TASK OBJECTIVE :: Transcribe the full listing without changing a word, and omit its pictures.

Segment Start: DATASET SECTION

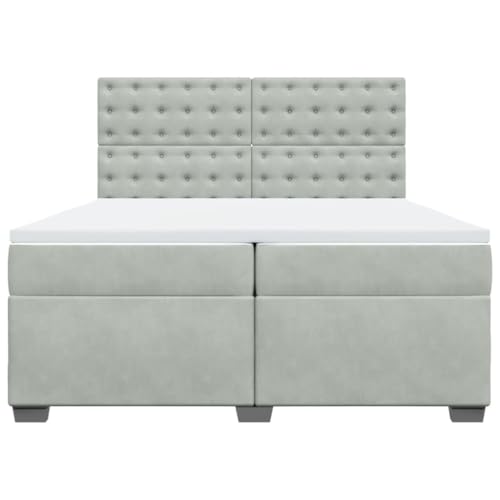 Boxspringbett mit Matratze Hellgrau 200x200 cm Samt Jugendbett Gästebett Einzelbetten Doppelbett für Schlafzimmer Gästezimmer Herberge Wohnbereich von HEFZGDB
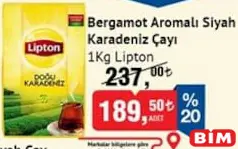 LİPTON BERGAMOT AROMALI SİYAH ÇAY KARADENİZ ÇAYI 1 KG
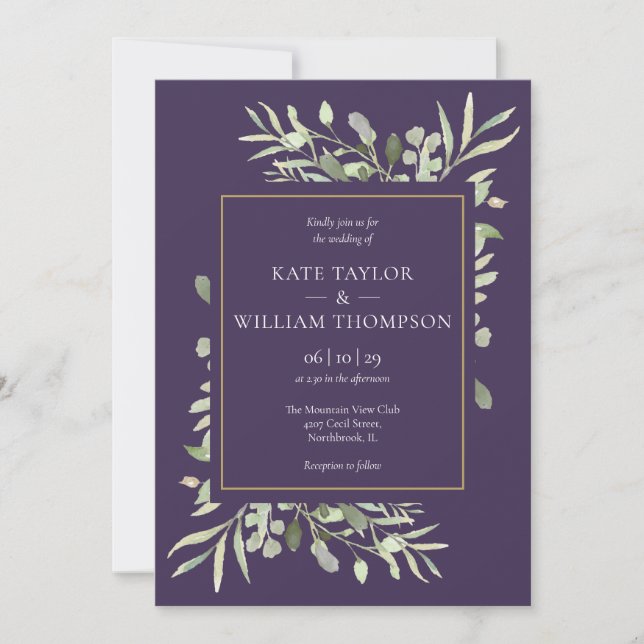 Invitation Mariage élégant lavande violet verdure or (Devant)
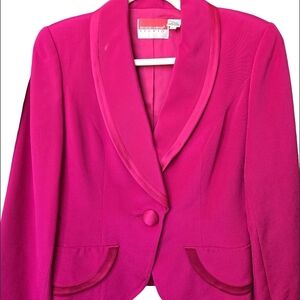 Oscar‎ de la Renta Vibrant Pink Silk Skirt Suit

Segment End: DATASET SECTION

ANSWER FOR THIS EXERCISE ::
 Boxspringbett mit Matratze Hellgrau 200x200 cm Samt Jugendbett Gästebett Einzelbetten Doppelbett für Schlafzimmer Gästezimmer Herberge Wohnbereich von HEFZGDB
 LİPTON BERGAMOT AROMALI SİYAH ÇAY KARADENİZ ÇAYI 1 KG
 Invitation Mariage élégant lavande violet verdure or (Devant)
 Oscar‎ de la Renta Vibrant Pink Silk Skirt Suit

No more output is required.